Emsal Mahkeme Kararı İstanbul Bölge Adliye Mahkemesi 16. Hukuk Dairesi 2021/1536 E. 2023/1077 K. 13.07.2023 T.

Görüntülediğiniz mahkeme kararı henüz kesinleşmemiştir. Yararlı olması amacıyla eklenmiştir.

T.C.
İSTANBUL
BÖLGE ADLİYE MAHKEMESİ
16. HUKUK DAİRESİ
T Ü R K M İ L L E T İ A D I N A
İ S T İ N A F K A R A R I
DOSYA NO: 2021/1536 Esas
KARAR NO: 2023/1077 Karar
İNCELENEN KARARIN
MAHKEMESİ: BAKIRKÖY 1. FİKRİ VE SINAÎ HAKLAR HUKUK MAHKEMESİ
TARİHİ: 15/06/2021
NUMARASI: 2020/22 E. – 2021/131 K.
DAVANIN KONUSU: Marka (Maddi Tazminat İstemli)
KARAR TARİHİ: 13/07/2023
İstinaf incelemesi için dairemize gönderilen dosyanın ilk incelemesi tamamlanmış olmakla, HMK 353. ve 356. maddeleri gereğince dosya içeriğine göre duruşma yapılmasına gerek görülmeden dosya üzerinde yapılan inceleme sonucu;
G E R E Ğ İ D Ü Ş Ü N Ü L D Ü:
DAVA: Davacı vekili dava dilekçesinde; … A.Ş’nin 1991 tarihinden itibaren eğitime başlayan, binlerce öğrenci yetiştiren bir kurum olduğunu, “…” markasını 07/06/2002 tarihinde … tescil numarası ile tescil ettirdiğini, daha sonra markayı 01/06/2009 tarihinde müvekkili …’a devrettiğini, ardından marka tescilinin 07/06/2012 yılında müvekkili tarafından yenilendiğini, müvekkilinin “…”, “…”, “…” markalarını 2002 yılında TPE nezdinde tescil ettirdiğini, müvekkiline ait olan “…” marka ve logo başvurusunun bir itiraz olmaması üzerine … tescil numarası ile 03/03/2008 yılında tescil edildiğini, davalının tescilden çok daha sonra ortaya çıktığını ve müvekkiline ait “…” markasının benzer olan “…” ibaresini kullanarak müvekkilinin marka hakkını ihlal ettiğini, müvekkiline hem maddi hem de manevi zararlar verdiğini, müvekkilinin davalı şirkete karşı, markaya tecavüz ve haksız rekabetin tespiti ve men’i ile maddi ve manevi tazminat talepli olarak Mahkememiz nezdinde 2015/36 Esas ve 2016/134 Karar sayılı dosyası ile dava ikame ettiklerini, bu davada verilen kararın Yargıtay denetiminden geçerek onandığını, davalı şahsın müvekkilinin tescilli markasını bugüne kadar herhangi bir lisans sözleşmesi olmadan ve herhangi bir ücret ödemeden kullandığını ve haksız kazanç elde ettiğini iddia ederek, davalı adına tescilli … başvuru numaralı “…” ve … başvuru numaralı ” …” markalarının hükümsüzlüğünü, Mahkememiz nezdinde açılan 2015/36 Esas ve 2016/134 Karar sayılı ilamının kesinleşmesi ve dava tarihi olan 20/02/2015 tarihinden bugüne kadar müvekkilinin uğramış olduğu maddi zararların karşılığı olarak şimdilik 10.000,00 TL maddi tazminatın ticari faiziylee davalıdan tahsilini talep ve dava etmiştir.

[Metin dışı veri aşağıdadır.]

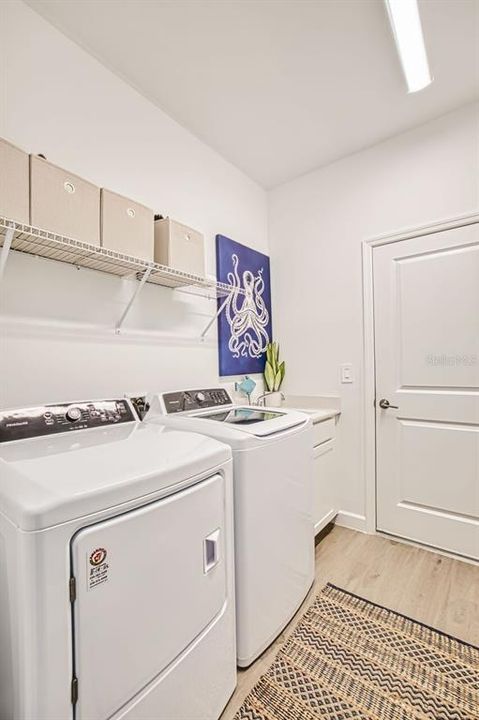 For Sale: $692,000 (3 beds, 3 baths, 2445 Square Feet)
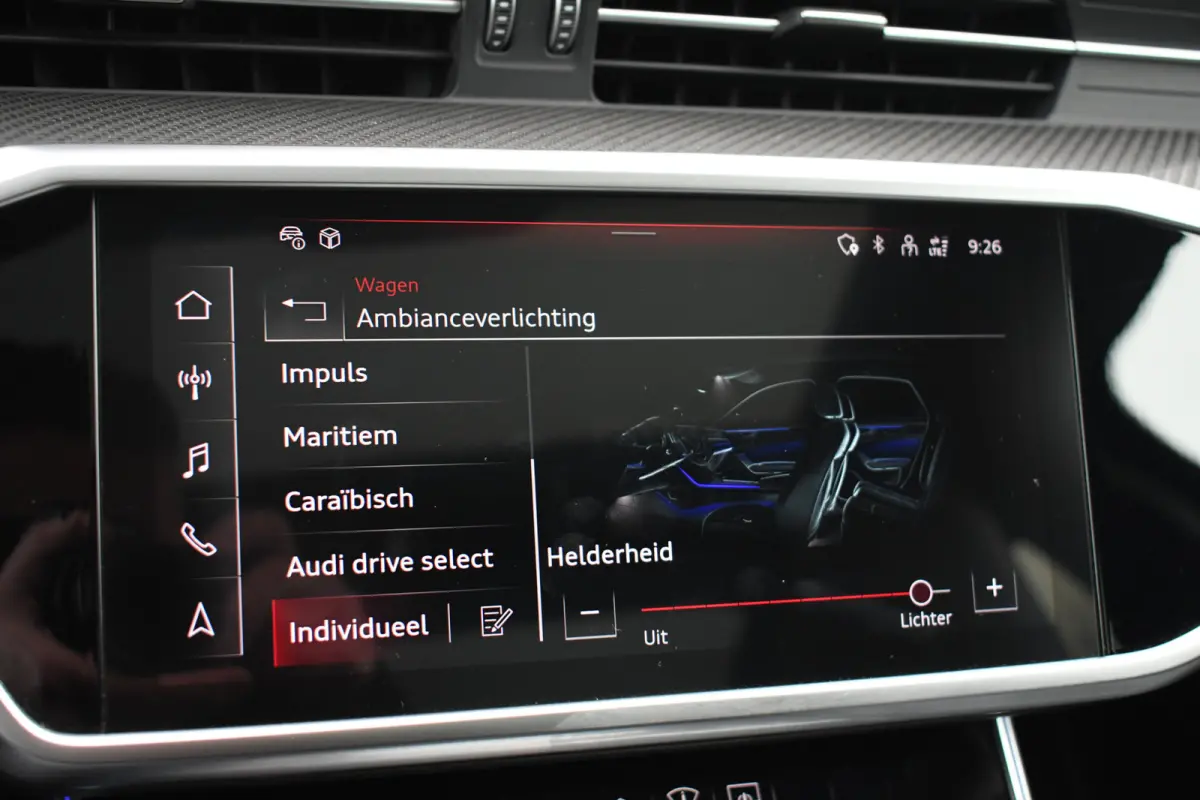 4.0 TFSI quattro Dyn+ B&O-high Carbon Pano Ceramic HUD Alc-hemel Softclose Stoelvent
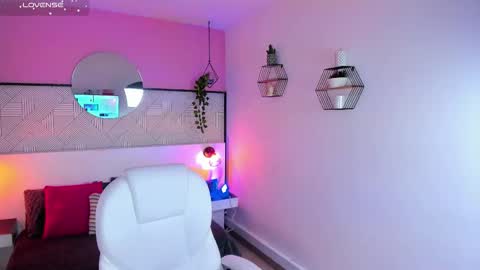 Harper  online show from November 11, 2025, 8:31 pm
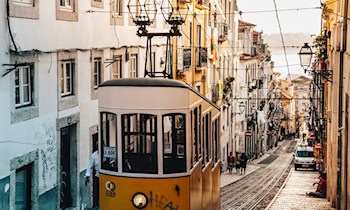 Kind von Straßenbahn erfasst – Zeugenaufruf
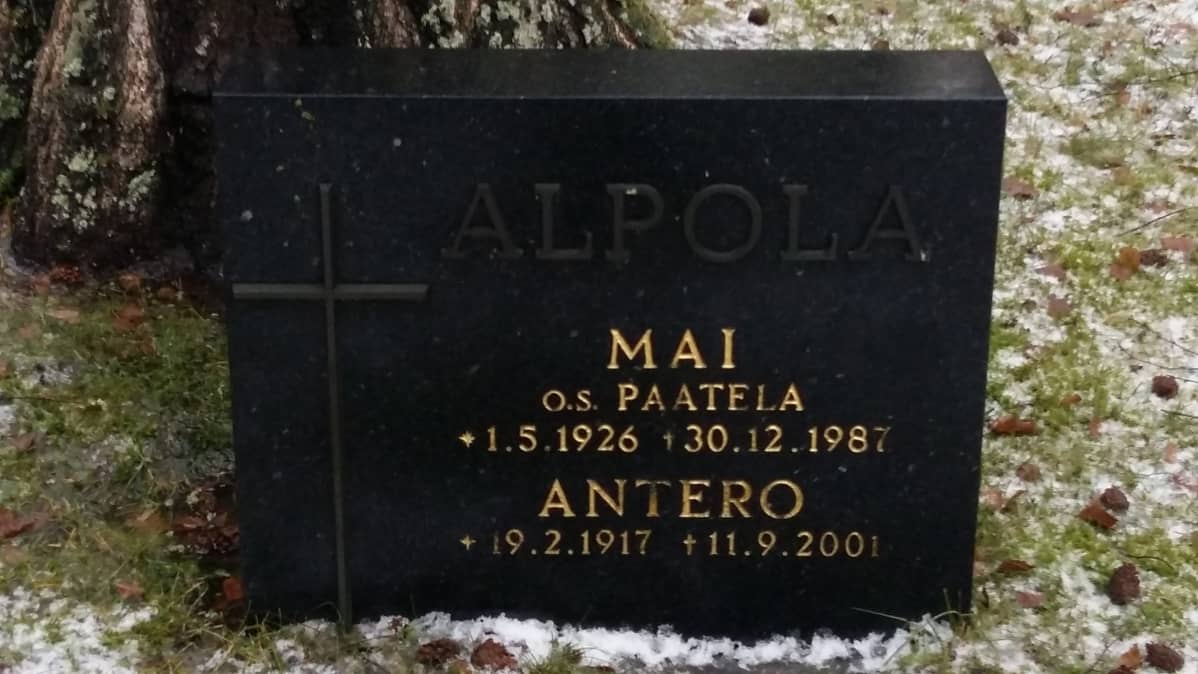 Antero Alpolan hauta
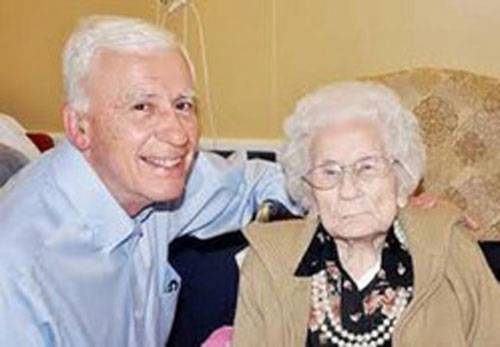 مقاطعة أمريكية تهدي جسراً لأكبر معمرة في العالم! 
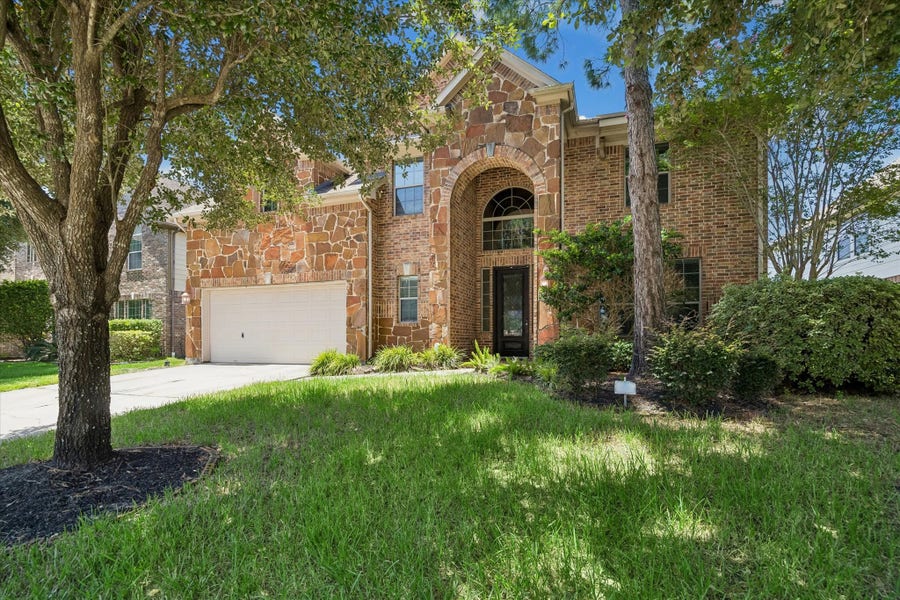 Property photo for 13915 Sawmill Run Lane, Houston, TX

ISLAH:Davacı vekili 18/04/2021 tarihli dilekçesi ile, 10.000,00 TL olan maddi tazminat talebini 40.873,31 TL olarak ıslah etmiş ve harcını yatırmıştır.
CEVAP:Davalı vekili cevap dilekçesinde; çılan davanın yetkisiz mahkemede açıldığını, yetkili mahkemenin Konya mahkemeleri olduğunu, müvekkilinin marka ve sınai mülkiyet hakkı sahibi sıfatına haiz olduğunu, davanın zamanaşımı yönünden reddi gerektiğini, müvekkilinin Konya Ticaret Odası kayıtlarında 25/07/1997 tarihinde bu yana … Ticaret ve Sanayi A.Ş.ticaret unvanı ile aktif olarak ticaret hayatında yer aldığını, davacı tarafın “… Dershanesi” ismini kullanmaya başladığı 2002 yılının müvekkilinin unvanından tam beş yıl önce olduğunu, müvekkilinin 05/08/2019 tarihinden beri … tescil numaralı “… ” markasını kullandığını, eğitim hizmeti verirken ” … Koleji” ve ” … Eğitim Kurumları” markalarını kullanmadığını, davacının işbu davayı açmakta herhangi bir hukuki yararının bulunmadığını, davacının maddi zararının gerçekleşmediğini bu nedenle maddi zarar talebinin de reddinin gerektiğini, davacının iddialarının gerçeği yansıtmadığını savunarak, davanın reddine karar verilmesini talep etmiştir.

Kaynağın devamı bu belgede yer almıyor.